Can’t add anything more to the positive posts to your thread but I wish you well in your journey and future and immediate happiness .
To those who know I’m going with she/her. And I will provide some updates, yeah. To be honest the hardest thing isn’t even telling family, it’s dealing with the abuse in the street. I’ve not even been dressing female and have already been abused in the street several times this year by our less than savoury element just for having long hair and unisex clothing. People don’t realise how intimidating it is when they think it’s okay to come up to you and say something cruel to make their mates laugh.
Well done with that post, Gravy. It is beautifully written and an eloquent comment on a very personal and important matter. I'm glad for you that you can feel comfortable with this little community to that extent. I wish you well on your journey through life.

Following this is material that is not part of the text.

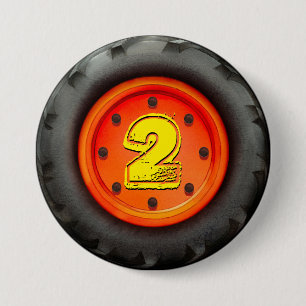 Macaron Rond 7,6 Cm 2ème fête d'anniversaire de grande roue de camio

Though there are many with compassion and patience, there are still far too many with outdated bigotted views that say much about their own inadequacies and failings as a human being. You're doing an amazingly brave thing that in an ideal world shouldn't require bravery at all. One of my college friends came out as gay when he was at Uni and he was scared to death what I'd say... "because I was a football fan"... i mean just how stereotypical can someone be, eh? (And I know gender and sexuality are two very different aspects, but get particularly confused by some). Anyway, he was driven out of Yorkshire by idiots who bullied him relentlessly. He ended up moving to London around a month after I did and dove straight into "the scene". I can understand why he did, but equally, he was trying to be who he thought he was expected to be. I went out with him and some of his friends a few times around Soho and though I love him to bits, I found it incredibly difficult because all there was all night was suggestive innuendo and in gay pubs, it was literally like you were fresh meat. You couldn't have a conversation about anything unless it was in the genre of gay sexuality. A few years later he moved to Toronto and I've sadly not spoken to him for a while, but he'd married, and seemed to have found peace in who he actually was and not one to please others. My point, if there is one, is that you're doing whats right and natural for you and although it's not easy to do so, what others think and say shouldn't mean your light should shine any less brightly.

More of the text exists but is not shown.